PROBLEM REQUIREMENTS:
Find the line containing "Growth Track Pant - Black". Retype it and every line after it through the end of the entries, exactly as written, with nothing added.

(Scraped caption text data)
============

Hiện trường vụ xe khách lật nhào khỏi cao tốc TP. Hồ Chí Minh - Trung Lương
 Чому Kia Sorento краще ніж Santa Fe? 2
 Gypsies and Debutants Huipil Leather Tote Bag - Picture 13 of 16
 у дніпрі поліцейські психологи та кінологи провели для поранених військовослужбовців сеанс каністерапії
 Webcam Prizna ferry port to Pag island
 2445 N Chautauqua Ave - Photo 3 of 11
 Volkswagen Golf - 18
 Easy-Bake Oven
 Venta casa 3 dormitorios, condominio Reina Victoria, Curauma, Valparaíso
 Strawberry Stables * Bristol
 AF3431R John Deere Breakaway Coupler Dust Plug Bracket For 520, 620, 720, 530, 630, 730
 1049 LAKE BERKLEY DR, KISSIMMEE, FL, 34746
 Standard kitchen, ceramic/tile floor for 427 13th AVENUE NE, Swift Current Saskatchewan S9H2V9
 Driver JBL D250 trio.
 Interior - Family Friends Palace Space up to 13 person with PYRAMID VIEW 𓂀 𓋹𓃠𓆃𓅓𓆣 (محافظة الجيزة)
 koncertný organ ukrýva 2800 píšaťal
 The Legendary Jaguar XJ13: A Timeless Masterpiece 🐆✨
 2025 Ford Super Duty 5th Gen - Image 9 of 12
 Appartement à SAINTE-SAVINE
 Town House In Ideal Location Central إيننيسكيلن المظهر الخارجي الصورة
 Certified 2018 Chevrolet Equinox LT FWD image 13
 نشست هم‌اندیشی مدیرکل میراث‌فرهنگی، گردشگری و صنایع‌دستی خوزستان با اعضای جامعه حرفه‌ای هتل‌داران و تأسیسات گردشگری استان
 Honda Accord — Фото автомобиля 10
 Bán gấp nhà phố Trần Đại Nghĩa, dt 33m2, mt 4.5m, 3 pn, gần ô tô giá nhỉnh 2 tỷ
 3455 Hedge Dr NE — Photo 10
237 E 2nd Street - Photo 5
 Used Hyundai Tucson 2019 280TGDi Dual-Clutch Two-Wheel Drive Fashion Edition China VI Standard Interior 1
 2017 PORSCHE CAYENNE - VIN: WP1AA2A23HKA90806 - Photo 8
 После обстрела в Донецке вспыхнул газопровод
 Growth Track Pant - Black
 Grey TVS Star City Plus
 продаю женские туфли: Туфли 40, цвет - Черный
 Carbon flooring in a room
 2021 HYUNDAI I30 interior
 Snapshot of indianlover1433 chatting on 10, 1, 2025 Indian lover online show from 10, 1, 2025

============

FINISHED TASK:
 Growth Track Pant - Black
 Grey TVS Star City Plus
 продаю женские туфли: Туфли 40, цвет - Черный
 Carbon flooring in a room
 2021 HYUNDAI I30 interior
 Snapshot of indianlover1433 chatting on 10, 1, 2025 Indian lover online show from 10, 1, 2025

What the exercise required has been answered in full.